Mais le jour de la générale, Azzedine sera assassiné avec sa femme près de sa maison, devant sa mère et ses enfants. Le débat animé avec brio par l’inévitable Lounis Yaou, président de l’association Numidi Art, a montré à tel point le film a marqué les esprits, rappelant les drames de la triste décennie noire, avec ses psychoses au quotidien pour ceux qui l’avaient vécue. Plus de vingt ans après, cette décennie est encore méconnue par la jeune génération. «L’histoire du film est assez complexe.
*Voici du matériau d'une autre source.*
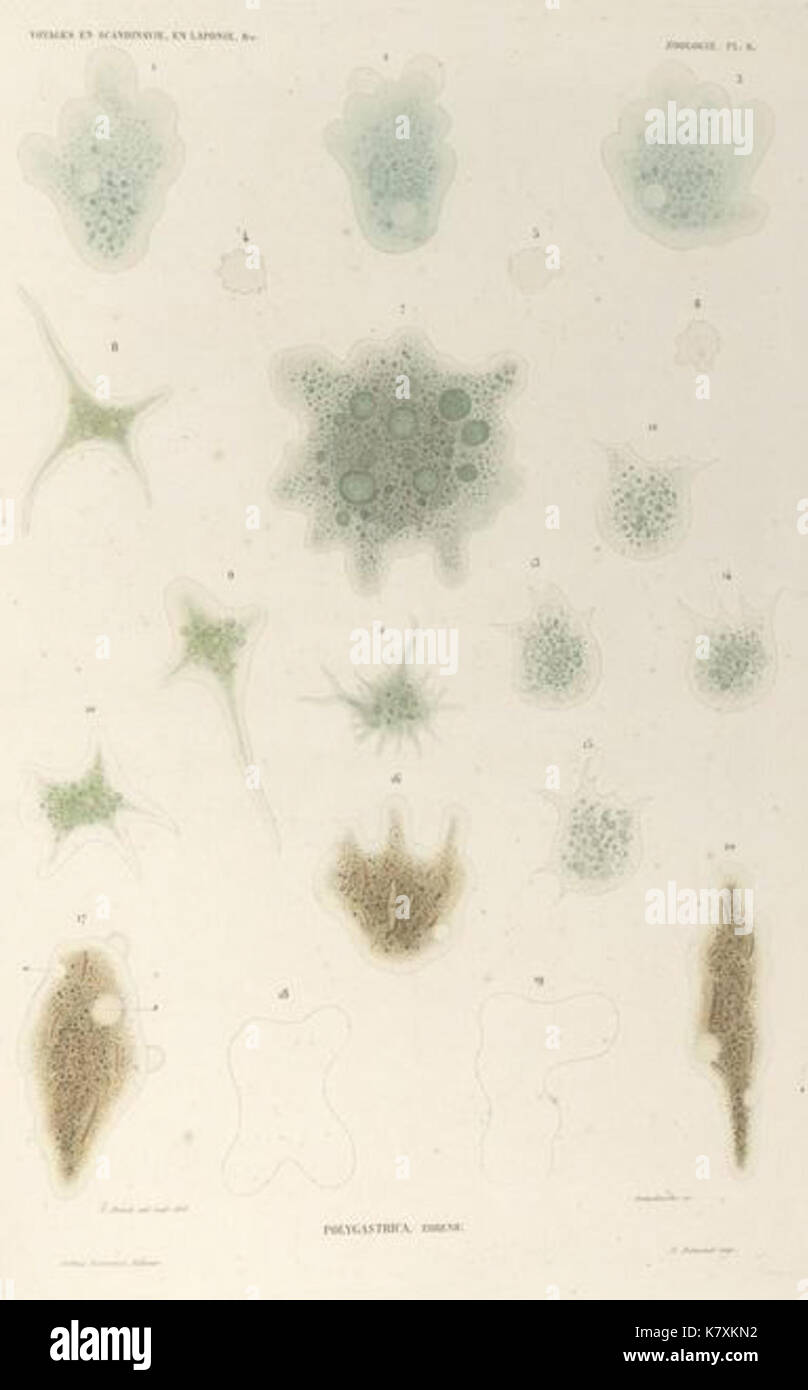 Infusoria hi-res stock photography and images - Alamy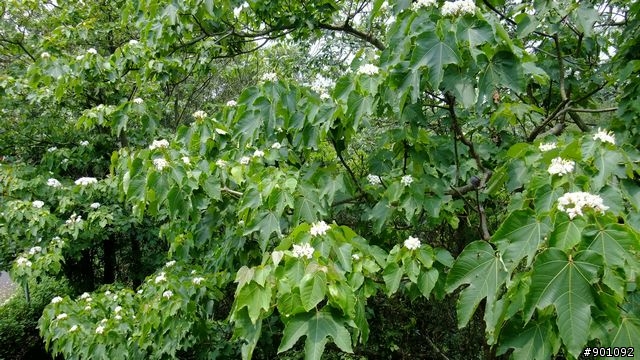 苗栗 三義 銅鑼 油桐花騎跡 (圖多)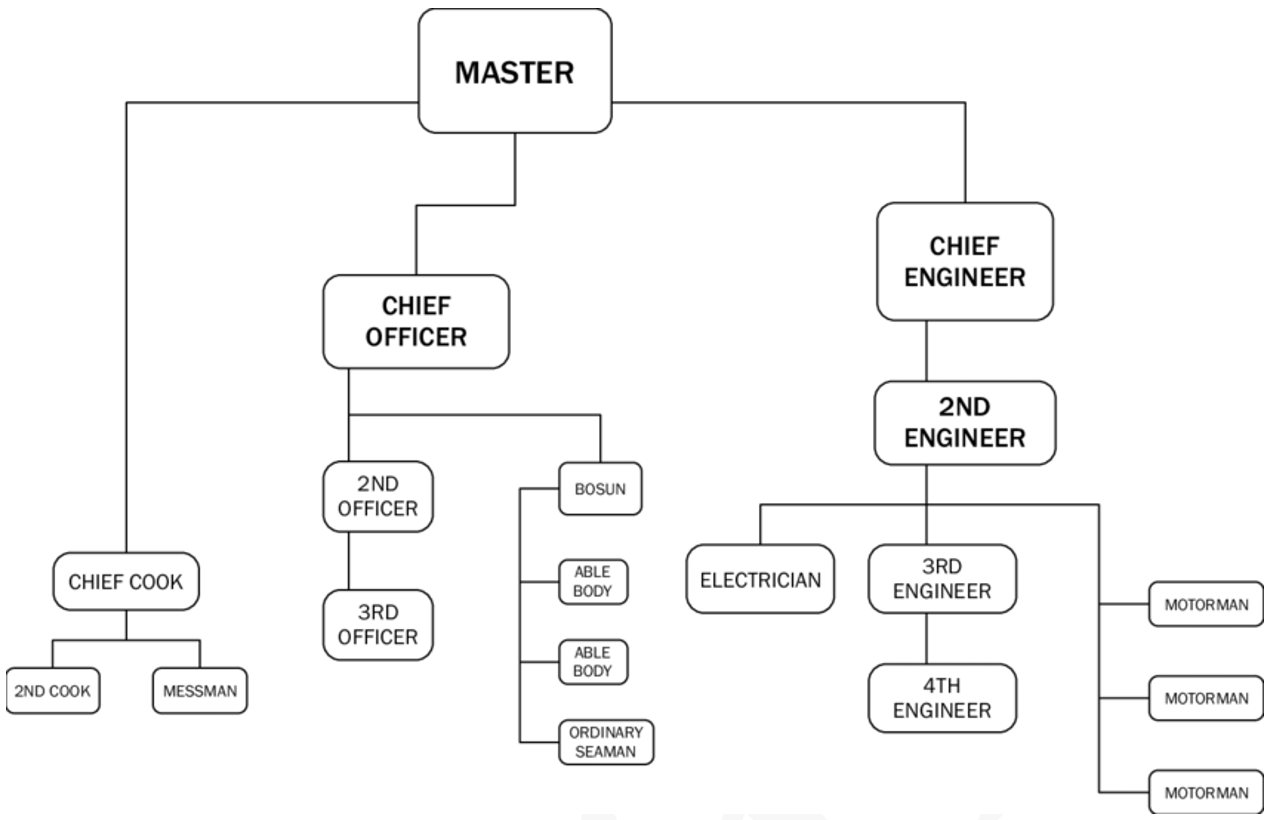 chief steward duties and responsibilities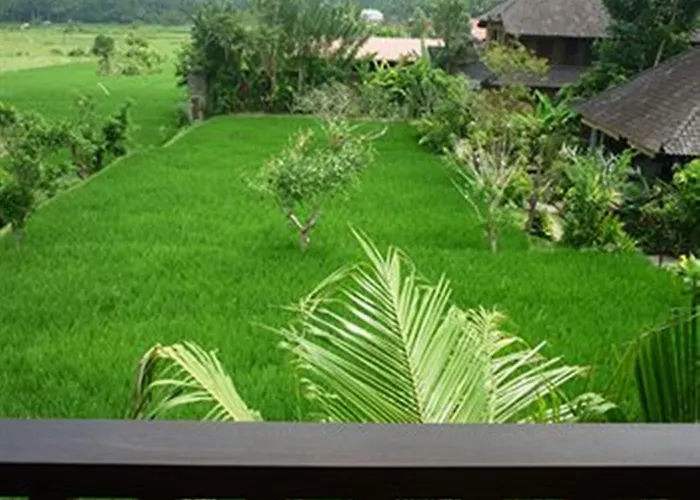 Hotel Bliss Ubud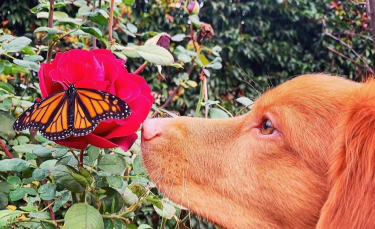 Illustration : "15 images magnifiques d'un chien amoureux des papillons "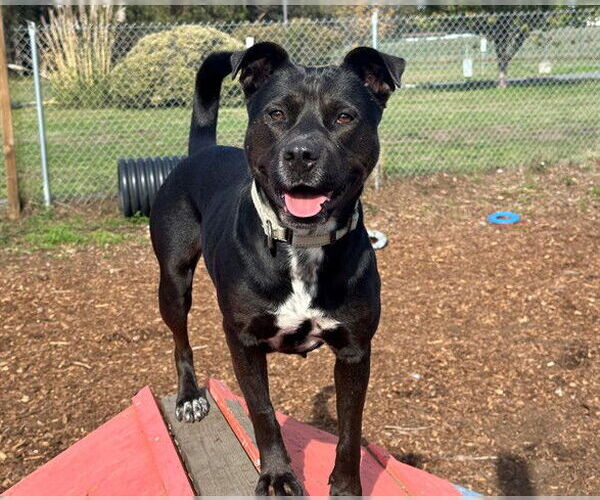 Medium Photo #2 American Pit Bull Terrier-Unknown Mix Puppy For Sale in McKinleyville, CA, USA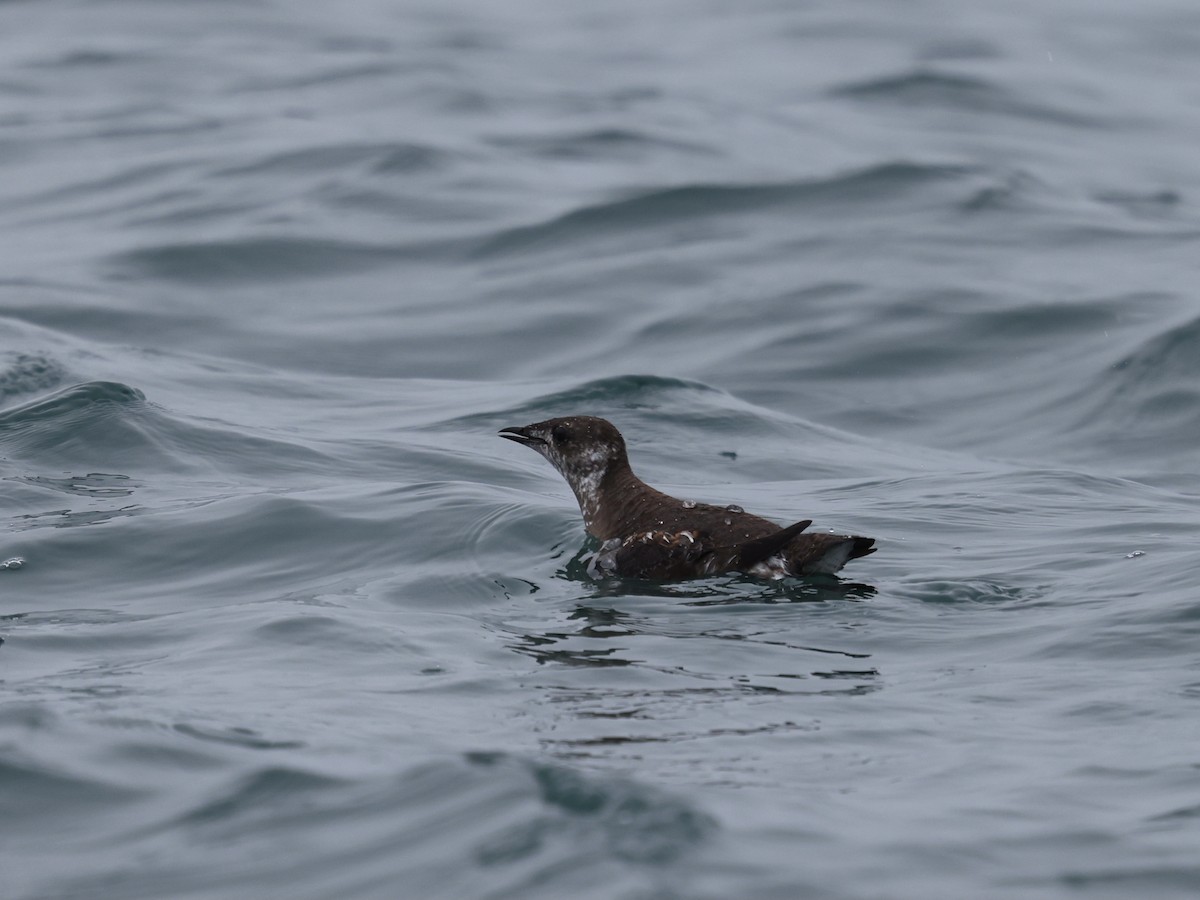 Marbled Murrelet - ML645409178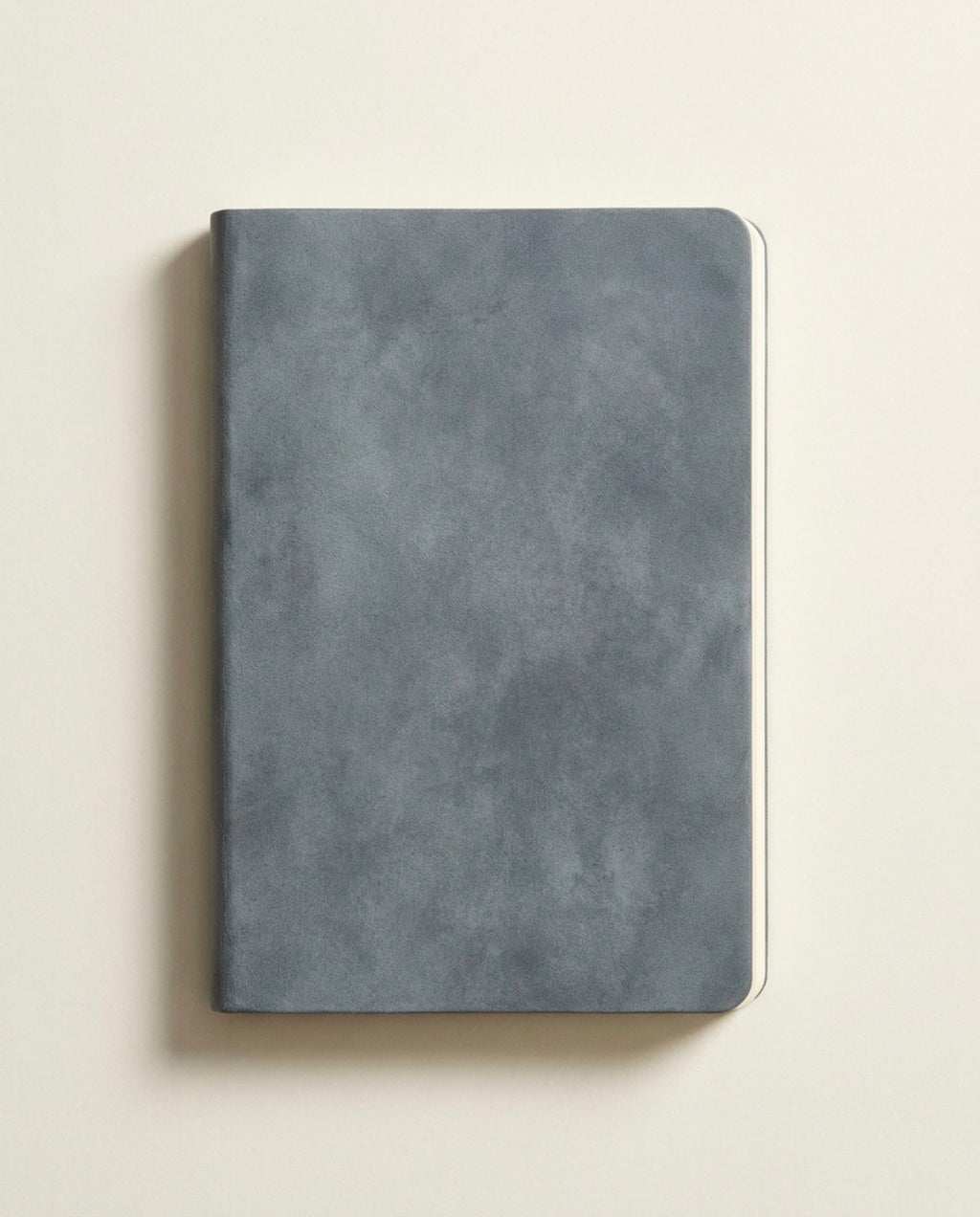 Le Témoin — Carnet quotidien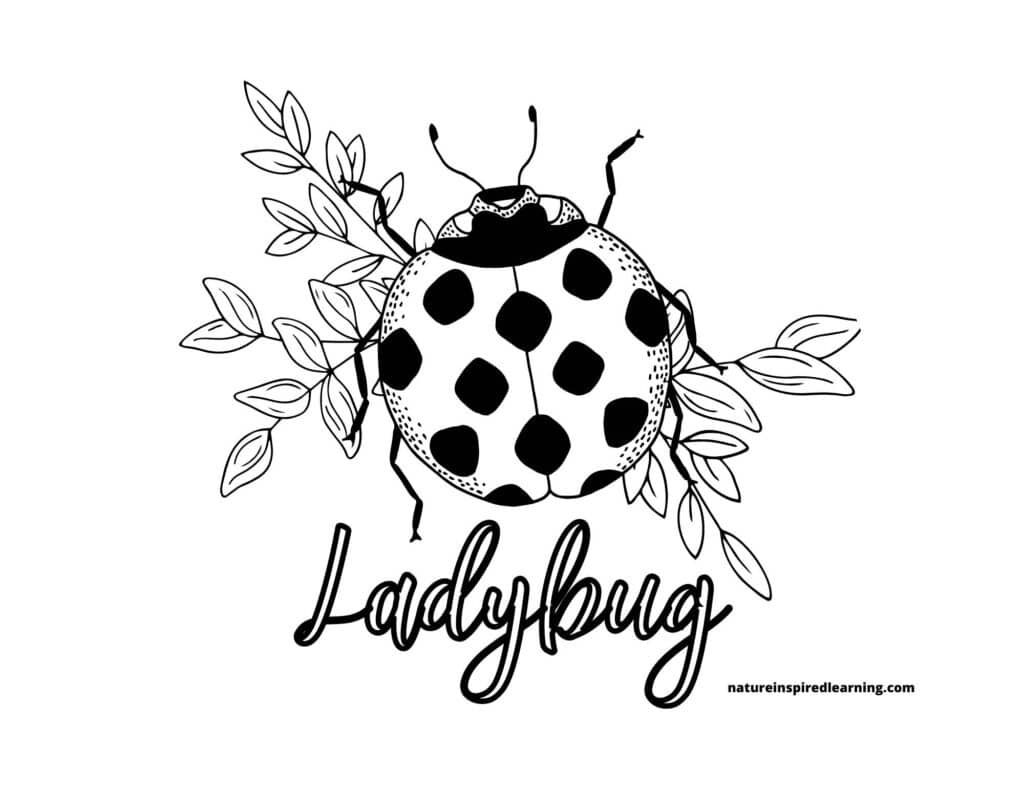Black-and-white ladybug illustration with leafy branches and text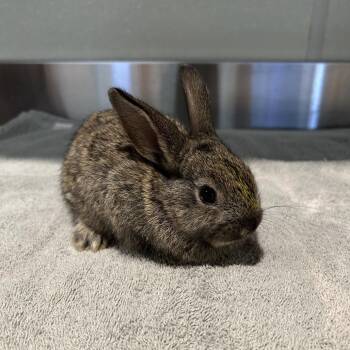 IVHS-Stray-138369 -  American Rabbit for Adoption in San Gabriel, California - IVHS-Stray-138369 | PetCurious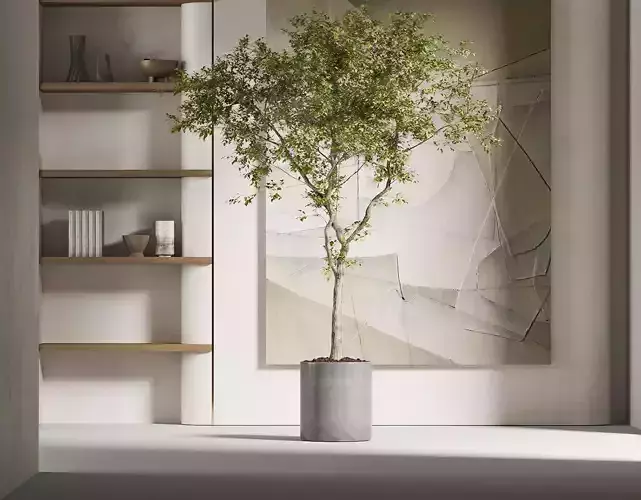 Potting decoration model monomer Plant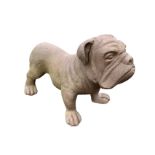 A heavy cast iron boxer type dog. (26in)
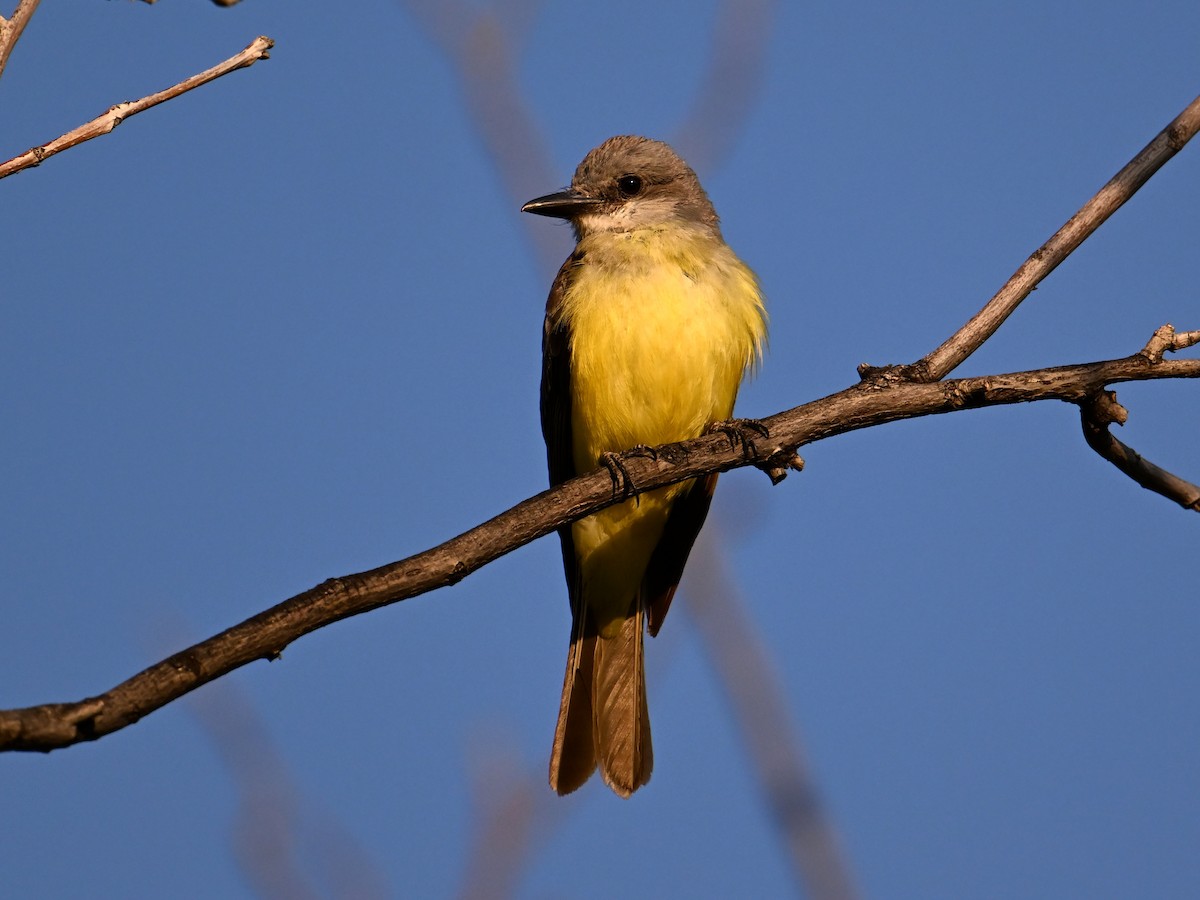 Tropical Kingbird - ML640032423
Elle englobe une image théâtrale et une image cinématographique. Il n’a pas été facile pour moi de réaliser ce film avec toutes les difficultés que j’ai rencontrées. Même les comédiens ont souffert, car je leur ai imposé une certaine discipline ; il faut dire qu’il était aussi difficile de jouer un rôle dans une pièce théâtrale à l’intérieur même du film. Quant au choix de la pièce de Tartuffe, il n’était pas fortuit, car à travers cette pièce j’ai voulu dénoncer l’hypocrisie de certains religieux et pas tous, car je considère qu’il ne peut pas y avoir de foi sans raison», a expliqué Abderahim Laloui.
Des intervenants n’ont pas manqué de saluer ce film pour avoir été l’un des rares à aborder la décennie noire, mais aussi pour avoir rendu hommage à des personnalités culturelles assassinées, à l’exemple de Azzedine Medjoubi, Abdelkader Alloula et Tahar Djaout, et qui seront suivis par d’autres. Chose qui a fait dire à l’un des intervenants qu’il faut encore d’autres films pour mémoriser cette triste époque pour les jeunes générations et lutter contre l’amnésie qui a tendance à s’installer dans la mémoire collective.